Black-oil simulation uses simplified, pressure-dependent PVT tables (Bo, Rs, Bg) derived from differential liberation tests, assuming the fluid composition does not change significantly during depletion. This approach is adequate for solution-gas drive oil reservoirs and dry gas reservoirs where only pressure depletion is involved. Compositional simulation tracks the mole fraction of each component or pseudo-component in every grid block at every time step, recalculating phase equilibrium with the EOS at each iteration. Compositional modeling is required whenever composition changes affect recovery: gas condensate reservoirs below dew point (retrograde condensate dropout changes remaining vapor composition), CO2 or enriched-gas injection (injected composition mixes with reservoir fluid), gas cycling projects, miscible flooding, and WAG (water-alternating-gas) processes. The computational cost of compositional simulation is typically 5 to 20 times higher than black-oil simulation for the same grid, which is why black-oil tables are used whenever compositional effects are minor.

How does reservoir fluid sampling depth affect the quality of compositional analysis?

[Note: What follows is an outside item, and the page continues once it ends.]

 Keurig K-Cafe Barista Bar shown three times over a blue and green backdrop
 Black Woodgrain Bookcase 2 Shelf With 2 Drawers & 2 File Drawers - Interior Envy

Reservoir fluids frequently show compositional gradation with depth, particularly in large accumulations with tall hydrocarbon columns. Heavier components concentrate at depth due to gravity segregation, while lighter components increase toward the crest of the structure — a phenomenon described by the Schulte or Montel-Gouel compositional grading model. A single fluid sample collected near the crest may underestimate the heavy-component content of oil near the oil-water contact, leading to underestimation of viscosity and bubble point at depth. Best practice for large accumulations is to collect multiple fluid samples at intervals of 100 to 300 meters throughout the hydrocarbon column, verify compositional grading with a thermodynamic model, and use depth-varying PVT tables in the reservoir simulator. Single-point sampling at the producing interval is acceptable for thin reservoirs (less than 30 meters of hydrocarbon column) where grading effects are negligible.

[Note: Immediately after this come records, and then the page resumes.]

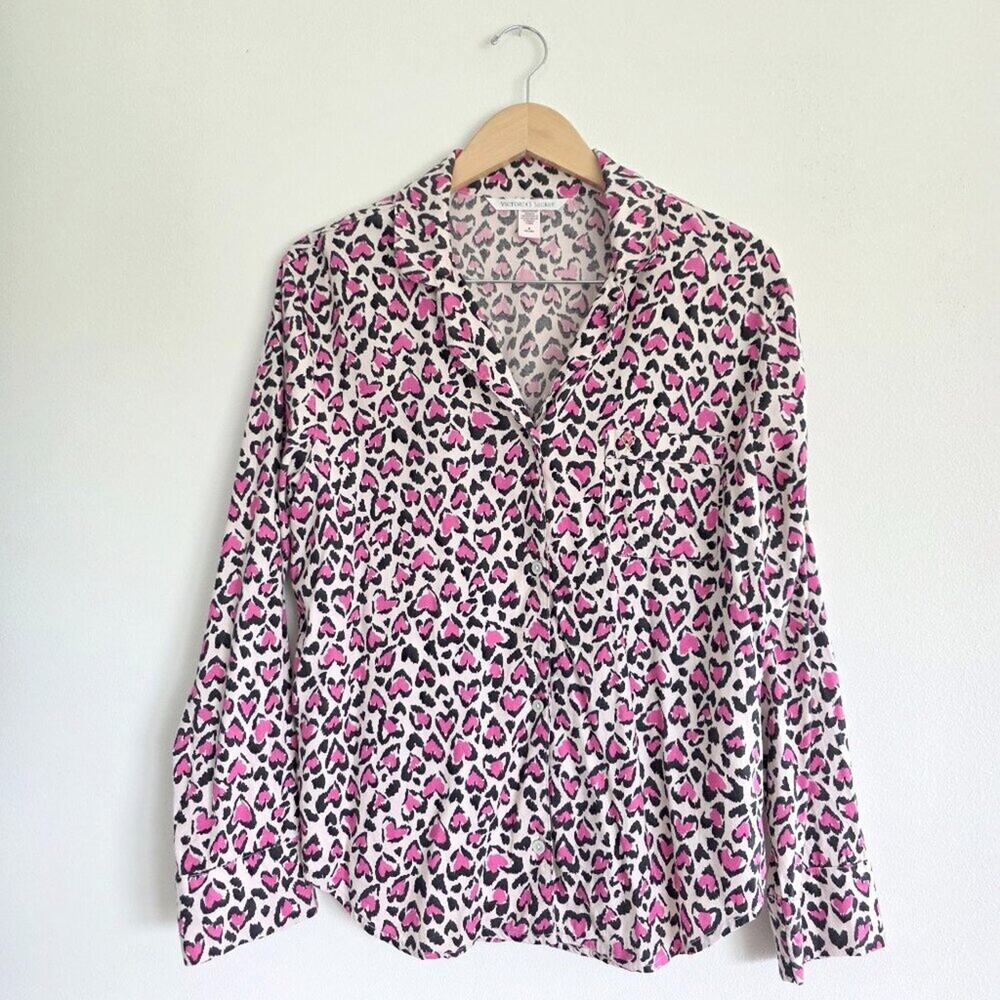 Victoria’s Secret Pink Heart Leopard Print Pajama Top Sleepwear Size Medium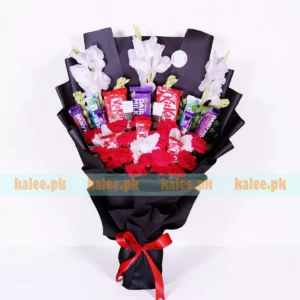 Mix Chocolates Red Roses And Gladiolus Bouquet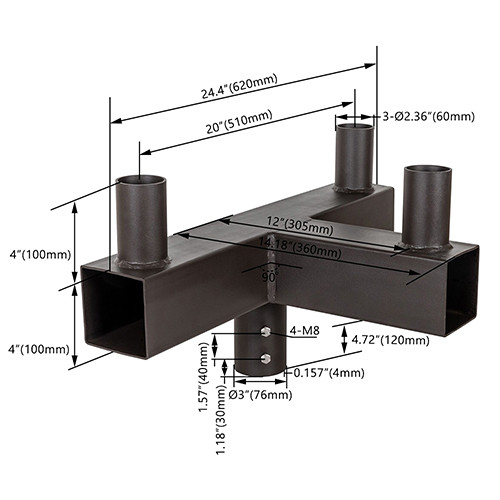 Square Triple 90° Horizontal Tenon Adapter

Why Compositional Fluid Analysis Matters in Oil and Gas

Every decision in oil and gas field development — from setting the minimum tubing size that prevents liquid loading in a gas well to designing a multi-billion-dollar LNG liquefaction train — rests on an accurate understanding of how the produced fluid behaves across a range of pressures and temperatures. Compositional fluid analysis provides that foundation. An EOS model tuned to quality PVT data allows reservoir engineers to confidently predict recovery factors under different depletion strategies, facilities engineers to size separators and compression equipment for the full range of wellhead conditions, and EOR teams to screen injection scenarios and calculate economic returns before committing capital. Conversely, a poorly sampled fluid or a carelessly tuned EOS propagates error through every downstream calculation, resulting in oversized or undersized facilities, missed recovery targets, and costly mid-project redesigns. In an era when unconventional plays, deepwater fields, and complex EOR projects demand increasingly precise fluid characterization, high-quality compositional analysis is one of the highest-return investments a project team can make in the early appraisal phase.